Avant de déposer ses valises à Cherbourg-en-Cotentin, le jeune Marocain a vécu un périple éprouvant. Dans un premier temps, Aladin quitte le Maroc en avion et atterrit à Istanbul, en Turquie. Il poursuit sa migration vers le nord, à pied, en passant par la côte adriatique : de la Grèce, en passant par l’Albanie, la Croatie, la Slovénie, jusqu’en Italie. « Nous étions dix au départ de la Turquie », raconte le Marocain. Il prend une pause, et ne s’épanche pas davantage sur le “voyage”. « C’était très dur à vivre. »

Après un premier contrôle en 2021 à Nice, dans les Alpes-Maritimes, où le jeune homme s’était installé, Aladin se fait une nouvelle fois contrôler l’année d’après à la gare de Cherbourg-en-Cotentin, où il vivait chez sa compagne. « Je n’avais pas de papiers parce que je savais qu’on allait me refuser ma demande », assure-t-il. « Je préférais attendre et demander la nationalité française au bout des cinq ans. » Alae-Eddine est en France depuis quatre ans et huit mois.

Une pétition pour « Sauver Aladin de l’expulsion »

Impuissante. C’est ce que ressent Sandrine Poulain face au manque d’humanité. « Il n’y a pas de délinquance, pas de casiers. Rien », clame-t-elle, toujours dans l’incompréhension.

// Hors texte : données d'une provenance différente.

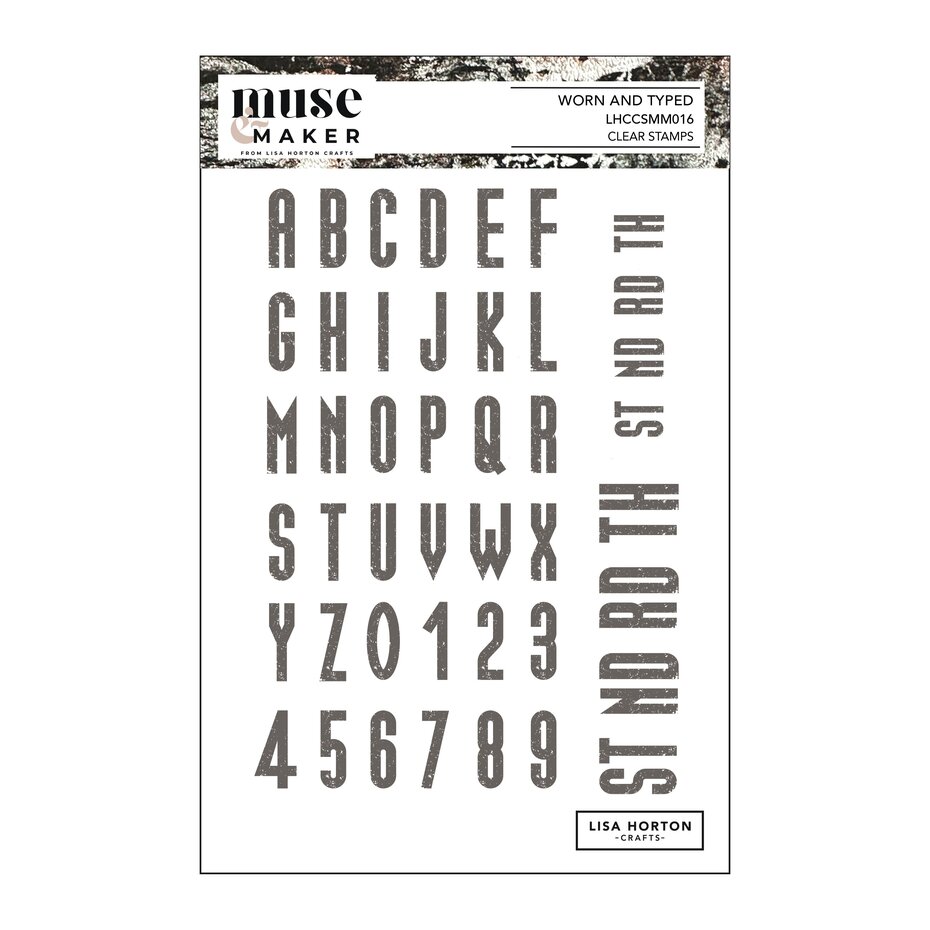 Lisa Horton Crafts - Muse & Maker A5 Clear Stamp Set Worn and Typed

Contactée, la préfecture de la Manche n’a quant à elle pas donné suite à nos sollicitations.

Avec la loi sur l’immigration qui compte un article sur la délivrance des titres de séjour pour les métiers en tension, Sandrine Poulain espère que son employé soit régularisé. L’examen de la loi devant le Sénat est prévu en septembre. « D’ici-là, on ne lâche rien », promet-elle.

L’histoire d’Aladin touche les Cherbourgeois et a été reprise auprès des journaux locaux tels que La Presse de La Manche, La Manche Libre et Ouest France. En dernier recours, la gérante du café a lancé une pétition, espérant être entendue. Ce dont Alae-Eddine est sûr, c’est qu’il pourra toujours compter sur sa famille française.